After much maneuvering in Washington, the state signed a letter of intent in October to transfer 220 acres to the Chickamauga and Chattanooga National Military Park. Now, through the efforts of leaders from the state, the city of Chattanooga and Hamilton County and a significant push from U.S. Rep. Zach Wamp, plans are taking shape to build a $30 million museum and educational center at the entrance to the park and to protect the numerous valuable archeological sites on Moccasin Bend.

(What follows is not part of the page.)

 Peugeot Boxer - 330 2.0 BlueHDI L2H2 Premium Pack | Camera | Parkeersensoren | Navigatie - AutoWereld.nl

While the idea of a national park emphasizing Native American heritage is not new, an ultimately 800-acre archeological and educational area across from downtown has the obvious potential to inject new tourist vigor into an area already noted for its family attractions. Early plans for the museum and a Trail of Tears Interpretive Center—on land bought from businessman Pete Serodin for $1.15 million—would make the center visible from the Tennessee Aquarium, the hub of Chattanooga’s growing tourism efforts.

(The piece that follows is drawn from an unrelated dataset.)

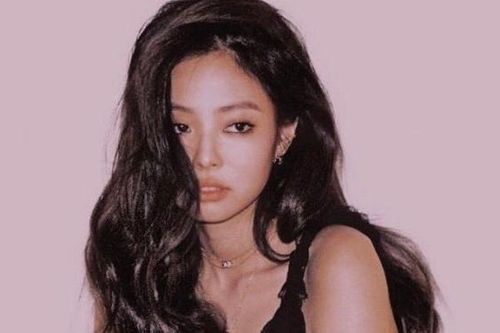 Jennie Blackpink ốm yếu bơ phờ vẫn cố cười nói, nhảy nhót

City of Chattanooga officials say the average stay for visitors to the area is 2.5 days. The addition of the Interpretive Center could lengthen a visit to Chatta- nooga by at least a half-day, enough to persuade day-trippers to stay overnight. The tourism potential of similar centers is best demonstrated by the Red Earth Museum in Oklahoma City, which draws more than 300,000 visitors a year for its collection of Native American artifacts and art; a few blocks away, a new American Indian Cultural Center is under construction on 600 acres donated by the city.
Late last year, Congress appropriated $400,000 for a development concept plan for the Moccasin Bend project, which Chattanooga Mayor Bob Corker terms “an important and distinctive asset.” Implementation could take as long as a year and will begin with a series of public meetings giving opportunities for input from interested parties, including Native Americans. Native American leaders initially wanted Moccasin Bend ceded back to the Cherokees because of the significant presence of Native American burial sites, but they mostly have come to accept the prospect of a national park and museum. They surely will be even more comfortable if Chattanoogan Harley Grant, a former chairman of the Tennessee Commission on Indian Affairs, is correct in expecting the center to induce private collectors and museums to return many artifacts taken from archeological sites on Moccasin Bend.

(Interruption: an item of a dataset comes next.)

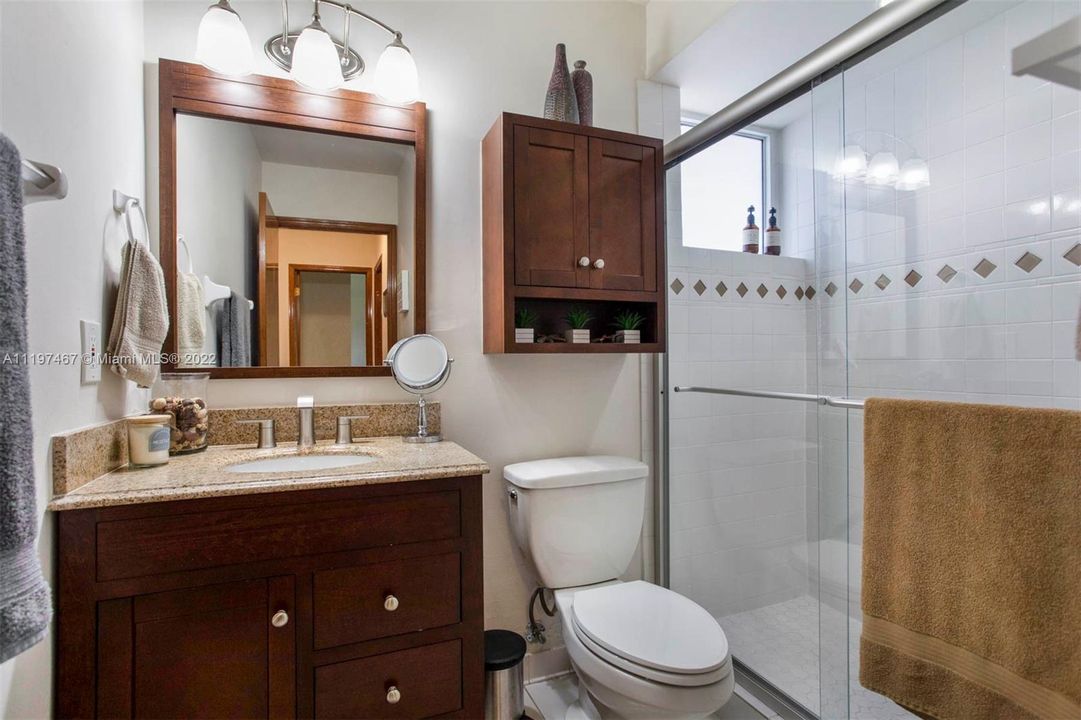 Recently Sold: $490,000 (3 beds, 2 baths, 1282 Square Feet)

Archeological studies funded by the nonprofit Friends of Moccasin Bend National Park have found evidence that several groups of Cherokees set out from an assembly point at Ross’s Landing in downtown Chattanooga in 1838 during their forced exodus to the West, and some of these groups of Cherokees went across Moccasin Bend as they began their “Trail of Tears.”
Today, Shelley Andrews, executive director of Friends of Moccasin Bend National Park, says the Aquarium is very supportive of proposals to make a spot beside it on Ross’s Landing a dock for water taxis shuttling visitors to the entrance of national park. No doubt those trips will make a joyous contrast to the exodus there 167 years earlier.